Osmanlı Devleti’nin Birinci Dünya Savaşı’na Almanya’nın yanında katılması, tarihçiler ortasında daima tartışılan ve ağır spekülasyonlara husus olan bir sorun. Yaygın kanaat, periyodun yöneticilerinin, hatta daha açık tabirle Enver, Cemal ve Talat Paşaların, ani bir kararla devleti savaşa sürükledikleri tarafında.
Necmettin Alkan, Uğur Üçüncü ve Eyyub Şimşek’in birlikte hazırladıkları Zorakî İttifak: Birinci Dünya Savaşı’nda Türk-Alman Askerî İştiraki isimli çalışma ise alternatif bir görüş seslendiriyor. Savaş kararının periyodun kaideleri gereği belirli bir stratejiye dayanılarak ve çeşitli seçenekler zorlandıktan sonra alındığını ortaya koyuyor.
ÖNEMLİ SORULARIN YANITINI VEREN KİTAP
Osmanlı kurmay heyeti Almanlarla ittifak kurmadan evvel İngiltere, Fransa ve Rusya ile temas kurmaya çalıştı mı? Bu müzakerelerde neler konuşuldu?
Neden sonuç alınamadı? Savaş boyunca açılan cephelerde Almanya’nın aktifliği ne boyutta idi?
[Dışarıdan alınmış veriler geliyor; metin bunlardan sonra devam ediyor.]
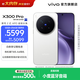 vivo X300 Pro 蔡司2億APO超級長(cháng)焦 藍圖自研影像雙芯 持久流暢OriginOS 6 直屏拍照手機 大內存性?xún)r(jià)比 簡(jiǎn)單白 16GB+1TB 官方標配
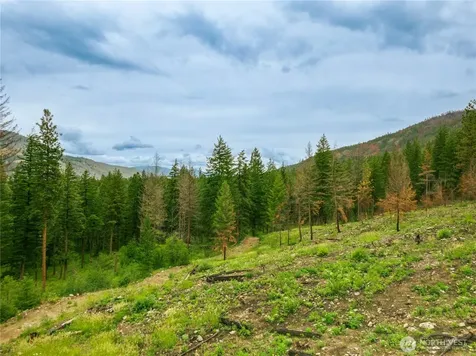 0 Wolf Creek Road Mazama WA 98833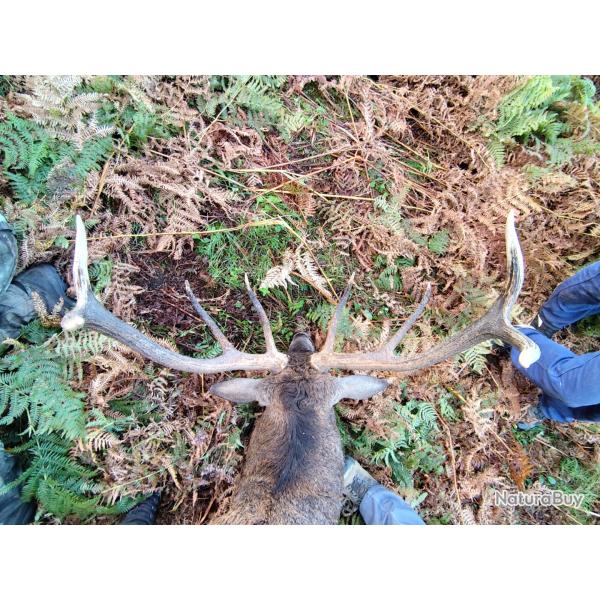 Chasse du cerf au brame. CM1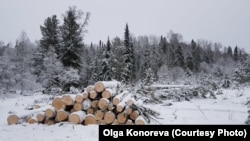 Вырубка деревьев в лесах Алтая
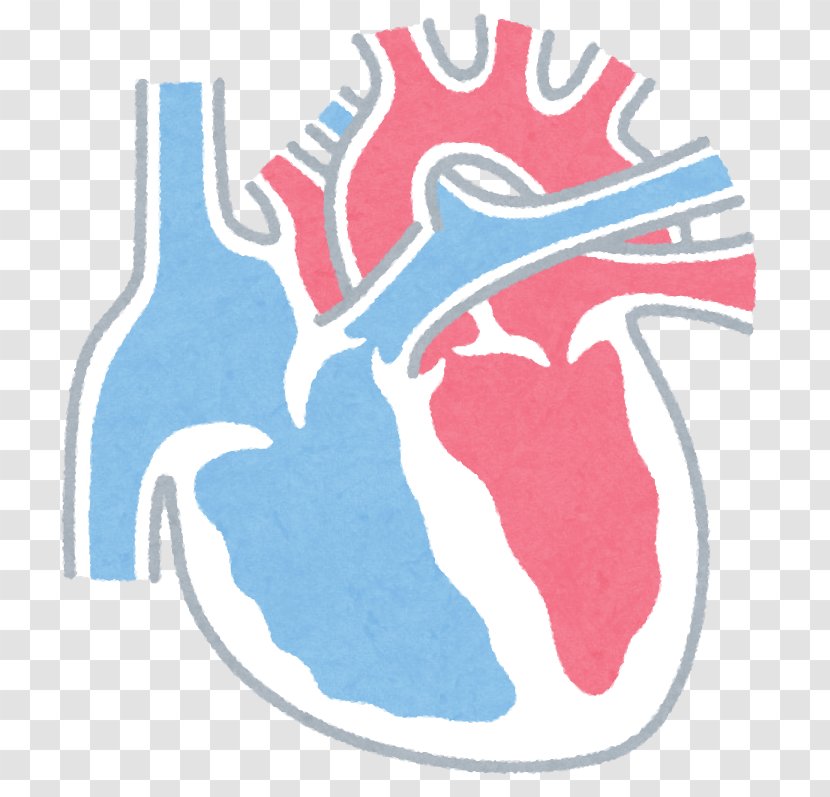 Coronary Artery Disease Heart Premature Ventricular Contraction Cardiology - Tree Transparent PNG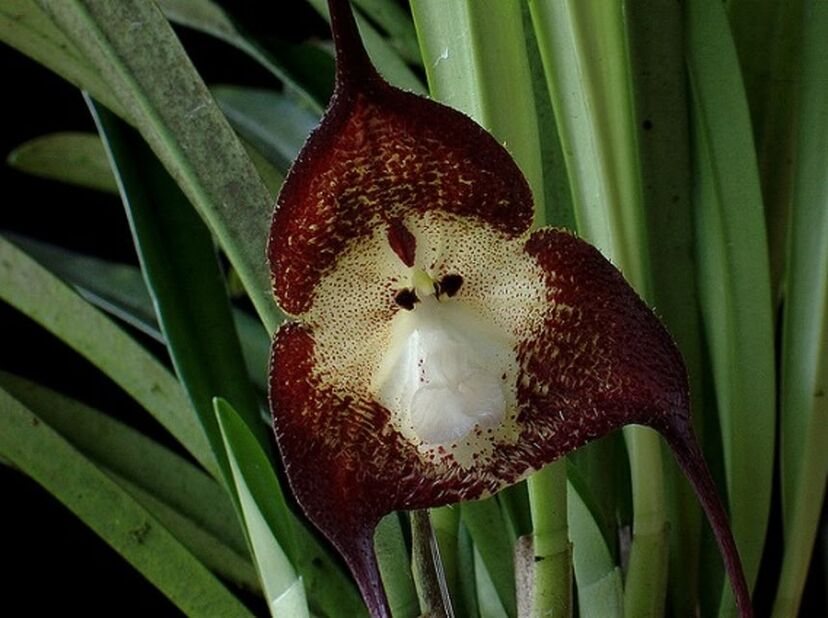 何かの顔に似ているぞ 顔を持つ花 ドラクラ・シミア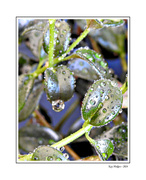 15th Mar 2024 - Waterdrops on Plant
Kazım Karabekir alınan kararlara taraftar mıydı? Türk ordusunun önde gelen subayları ile Alman subaylar ortasında hangi hususlarda uyuşmazlıklar yaşandı?
Yaklaşmakta olan bir Avrupa savaşının farkında olan idare, bu hesaplaşmada yalnız kalmamak için müttefik aramaya uğraş harcamıştır. Osmanlı devleti klâsik dostu saydığı İngiltere’den ve Fransa’dan bu teşebbüslerine olumlu yanıt alamadı.
Sayfa: 256
OSMANLI’DA ALMANYA NUFÜZU
Buna karşılık Almanya, Osmanlı Devleti ile bağlantılarını ağırlaştırmaya ve geliştirmeye dönük önemli uğraş harcıyordu. Bu durumda Osmanlı idaresi de Almanya ile anlaştı ve yapılan görüşmeler sonunda 2 Ağustos 1914’de zımnî olmak kaydıyla bir TürkAlman İttifak Antlaşması imzalandı.
Osmanlı hükümeti ismine imzalanan bu muahede, askeri idarenin önderleri tarafından kabul edilmiş ve başlangıçta hükümetten gizlenmiştir. Sadrazam Sait Halim Paşa’nın bile olaylardan geç haberdar olduğu bilinmektedir.
Savaş başladığında Osmanlı hükümeti tarafsızlığını ilân etti ve bu fırsattan faydalanarak kapitülasyonları da kaldırdığını duyurdu. Gerçi bu karar savaşan taraflarca ciddiye alınmadıysa da İttihat ve Terakki hükümeti bunu fiilen uygulamıştır.
SEFERBERLİK İLAN EDİLDİ
Osmanlı hükümeti kısmî seferberlik hazırlıklarını başlattı. Ancak, bu gemilerin mürettebatı değiştirilmeden Yavuz ve Midilli ismini alarak Osmanlı donanmasına katılmış olması da Almanlara Türkiye’yi savaşa sokacak gerekçeyi yaratma fırsatı verdi.